# Mdasplitter powerhouse hive for increasing honey production



## VanceLane (Jul 1, 2021)

During my winter reading I got sucked down the mdasplitter rabbit hole… I’m not really interested in creating 16 hives but his powerhouse production hive caught my attention. The theory of combining multiple broodless/queenless hives in time for the flow does make sense, assuming the timing is right, but I can’t find any unbiased first-hand experiences of it actually working as planned anywhere I look online.
Do any of you more experienced keepers have any experience with this technique? Did it work as advertised in increasing honey production?
Thank in advance,
Vance


----------



## joebeewhisperer (May 13, 2020)

Also interested in methods of bumping populations for a short time. I have a 2-3 week crop of blackberry I hope to partially capitalize on. Basic plan now is put an extra 10-frame box of capped brood on 2-3 hives 3-4 weeks in advance and super up as needed. But I'm intrigued by the multi-queen approach. Just hanging out to watch how this plays out.


----------



## elmer_fud (Apr 21, 2018)

I dont have any direct experience with combining lots of queenless hives for more honey. I have seen ones that were queenless going well, then slow down when they had a new queen and were raising brood again. If the hive gets to big you may have problems with the bees running out of space to store the honey or not being able to dry the honey.


----------



## VanceLane (Jul 1, 2021)

I guess I’m trying to look at this from a scientific-method perspective of controlled variables and replicable results. I know… almost impossible, beekeeping is local. Timing, local flows, equipment, weather, space and keeper talent aside I feel like something is missing. I’m having a hard time finding any sources that can replicate Mel’s 100+lbs of surplus honey, which is unfortunate because I really want this to work, I love raising queens and extra honey would be a huge win-win. I keep falling back to the old saying of “if your options are overwintering, honey production, or more bees, you can pick 2 you can’t have all 3.”
I’m not knocking Mel by any means, hes done a huge service to this community building on old techniques and making all of that available for free to anyone who wants it. I just can’t find any sources that can testify to replicating his surplus numbers. I keep reading de-moralization, maybe his lines of bees are accustomed to being queenless with his heavy splitting management? I don’t know, I still have a lot to learn.


----------



## david stern (Dec 13, 2021)

Here is what I understand of Mel's Powerhouse method: In early May, Mel makes four splits from an overwintered colony. These splits raise their own queens which start laying up the brood nest after mating and he allows them to do so for about four or five weeks. For the flow Mel chooses one split to remain queenright and makes some or all the remaining splits queenless combining them with the queenright split thus forming a colony with substantial brood and bees and timed for the nectar flow. I wish I had experience with this method to give my opinion but like you I will have to wait to hear from others. I am glad you asked.


----------



## msl (Sep 6, 2016)

when something isn't common in bee keeping it is usually a combination of

A) doesn't work well
B) takes too much time per hive
C) is more about the art/skill of the keeper then science/just follow step 1,2,3
D) doesn't make an econimal impact
E) local time lines

so lets break down the method as shown


https://www.mdasplitter.com/docs/OTS.pdf



my 1st thought is D, I need a 10f double deep set up, and extra top and bottom , and 5 nucs per honey producing hive
5 nucs cost $315,Unassembled Complete Nuc Kit - Telescoping Cover but with the pair of extra tops and bottoms that you need anyway you can run 2 full sized hives and dubble you honey production with a pair of extra 10F deeps for only $50... when you add in B (cost of labor)are you going to make $265 per honey production per hive ?
2 queen hives used to be more popular when queens were cheap and more reliabul. the only extra equipment cost was queen excluder between the standard dubble deep set up... more honey out of the same amount of equipment...
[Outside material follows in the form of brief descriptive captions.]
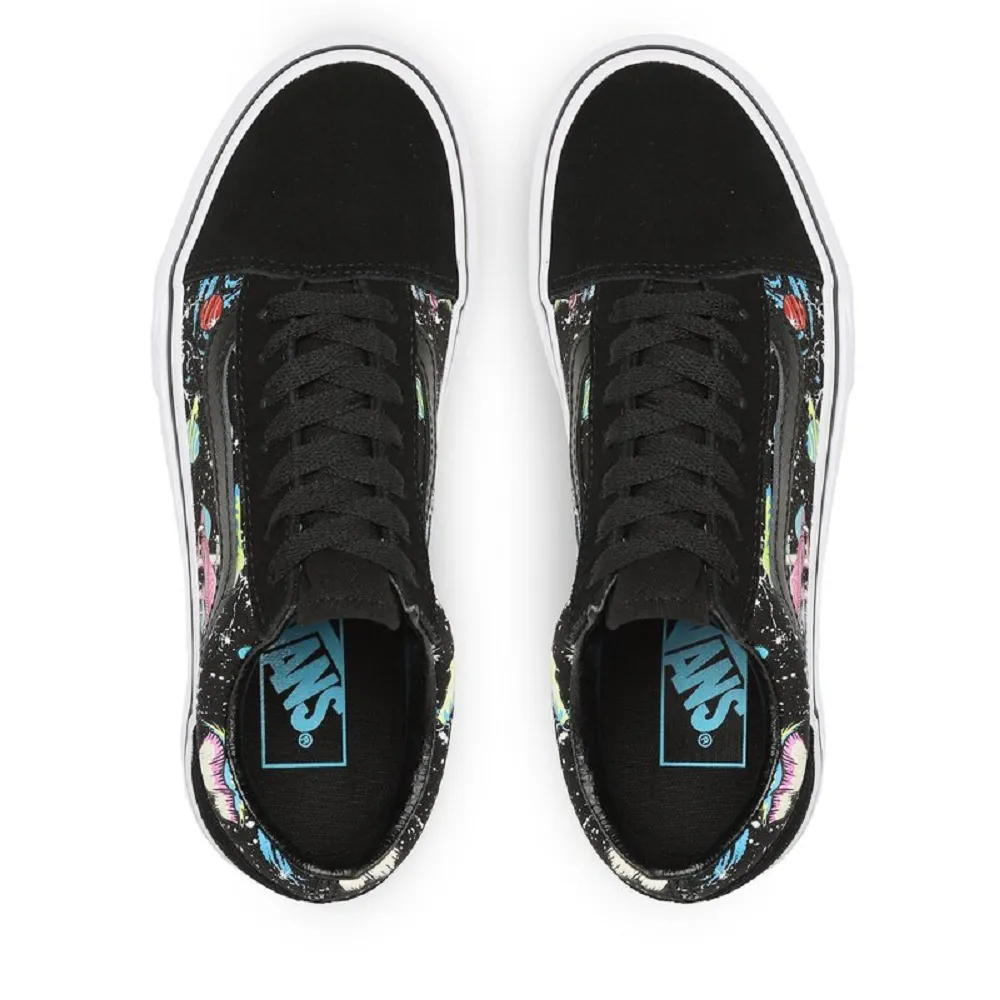 VANS U OLD SKOOL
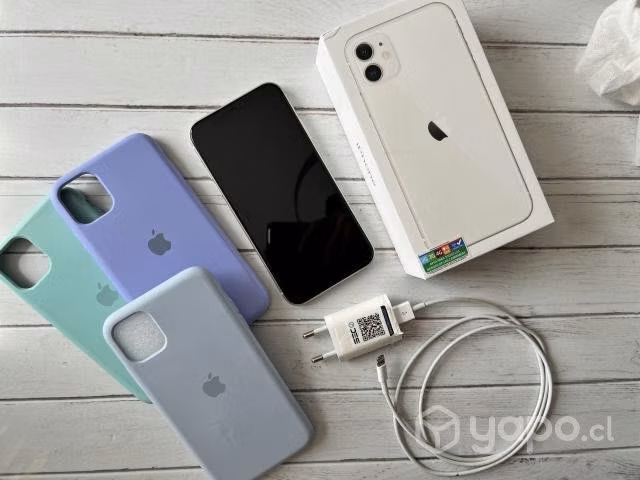 IPhone 11 liberado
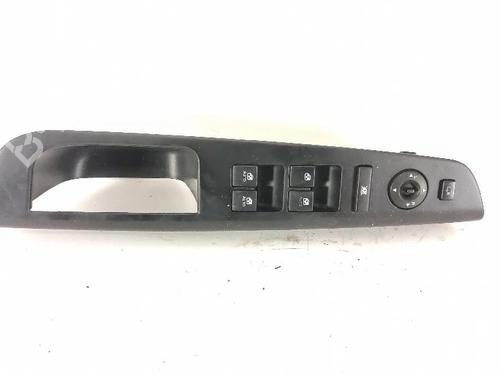 Used Left front window switch KIA CEE'D SW (ED) 1.6 CRDi 115 (115 hp) 27423282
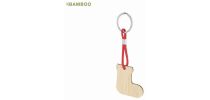 Christmas Themed Keyring
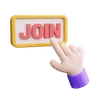 Join Button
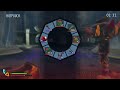 Grounded 2 Mysterious Stranger Fight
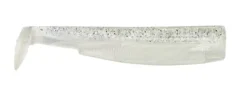 Leurre Souple Fiiish Black Minnow n°2 9cm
that said I am a big fan of nucs supered in common

Moving on to A,D,E
"free" queens cost you
from another post, my math isn't prefect, but it gives you the Idea


> Spring Splits
> Its important to understand how they grow so you can fine tune your management A bee population grows linearly as the limiting factor is the queens laying rate (vs mites with grow exponentially)
> Past 4 frame of bees its a net gain of about 550 bees a day or about 2 frames of bee a week.. ( while the queen may be laying 1500 eggs a day, remember the old bees are dying)
> lets say we need 24 frames of bees for production, around 46,000 bees and we are dealing with a double deep 10f system getting close to swarming.. 20 frames of bees
> ...


there is a lot there.. but the main points are
it pays to import queens so you can split early (that why its a standard way of doing things)

supering nucs in common can be very productive, one reason we see it done in areas with a short season such as Can.
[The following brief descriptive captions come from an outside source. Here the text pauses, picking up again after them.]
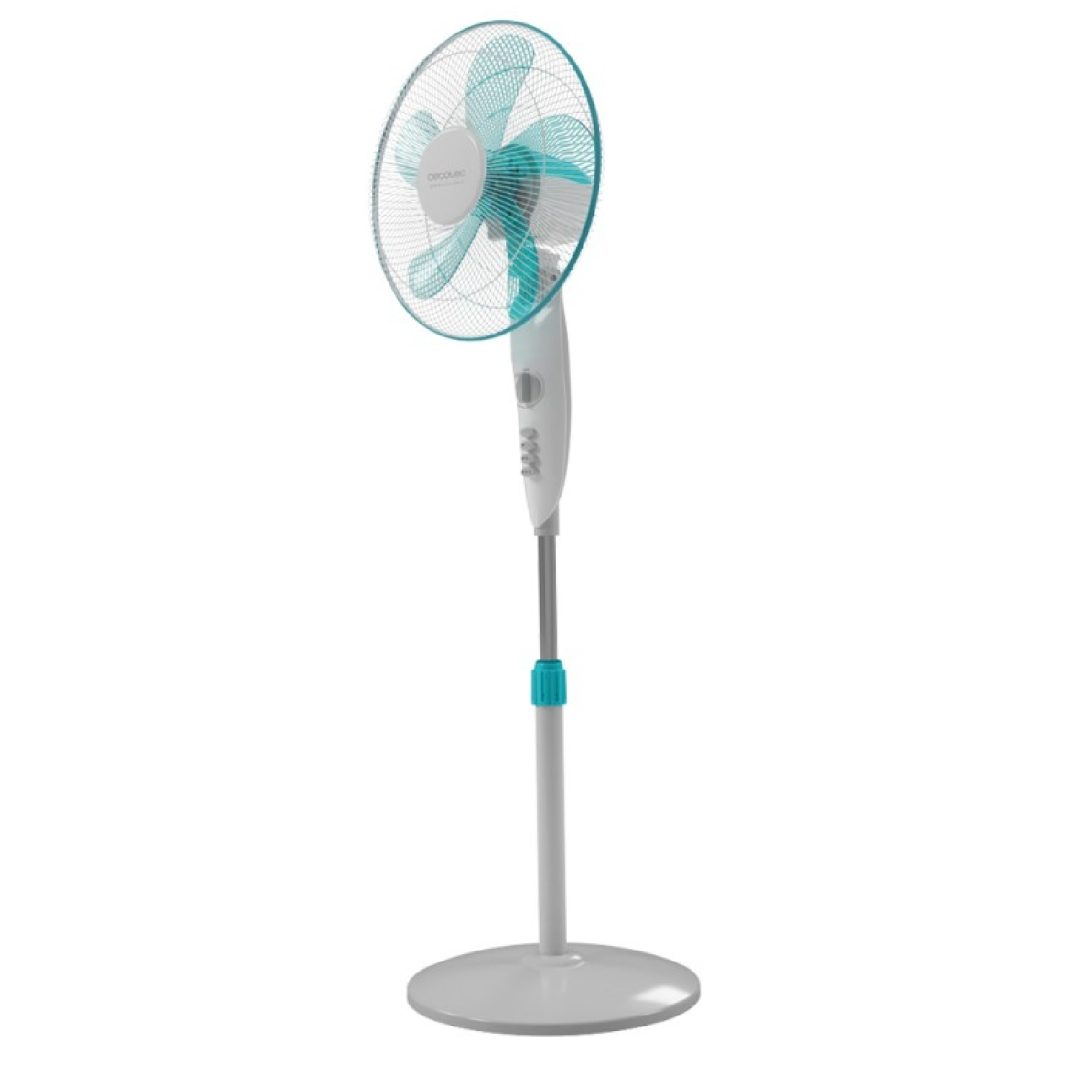 Staande ventilator EnergySilence 520 Power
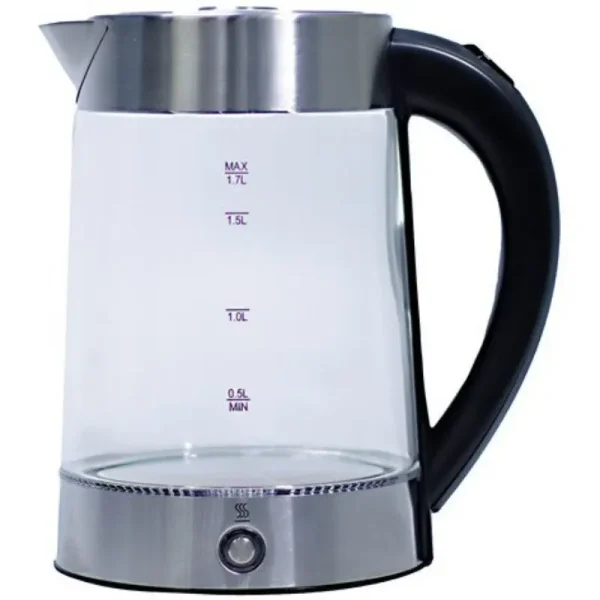 چای ساز روهمی دورف مدل DKTC-22002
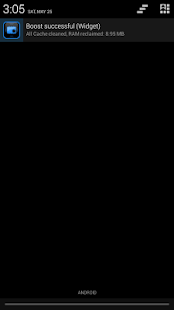 Total RAM Booster Free Screenshots 22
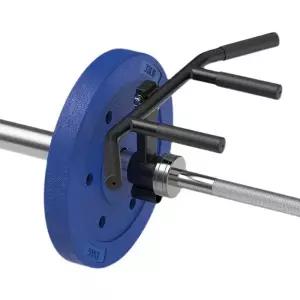 티바로우 머신 바벨봉 중량바 바벨로우 홈짐 스쿼트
Single deep management can produce more honey

Splitting a queen less split as Mel suggests will leave you with some poor quality queens to weed out, they are very aparient in 2 queen systems were they have the same amount of resources..


----------



## Gray Goose (Sep 4, 2018)

VanceLane said:


> I guess I’m trying to look at this from a scientific-method perspective of *controlled variables* and replicable results. I know… almost impossible, *beekeeping is local*. Timing, local flows, equipment, weather, space and keeper talent aside I feel like something is missing. I’m having a hard time finding any sources that can replicate Mel’s 100+lbs of surplus honey, which is unfortunate because I really want this to work, I love raising queens and extra honey would be a huge win-win. I keep falling back to the old saying of “if your options are overwintering, honey production, or more bees, you can pick 2 you can’t have all 3.”
> I’m not knocking Mel by any means, hes done a huge service to this community building on old techniques and making all of that available for free to anyone who wants it. I just can’t find any sources* that can testify* to replicating his surplus numbers. I keep reading de-moralization, maybe *his lines of bees* are accustomed to being queenless with his heavy splitting management? I don’t know, I still have a lot to learn.


Ok a couple questions
how long have you had bees?
How many years "making your own queens"?

I'll highlight the words you use that offer help.

I have had hive do that easy 5 supers is doable every year for a couple hives.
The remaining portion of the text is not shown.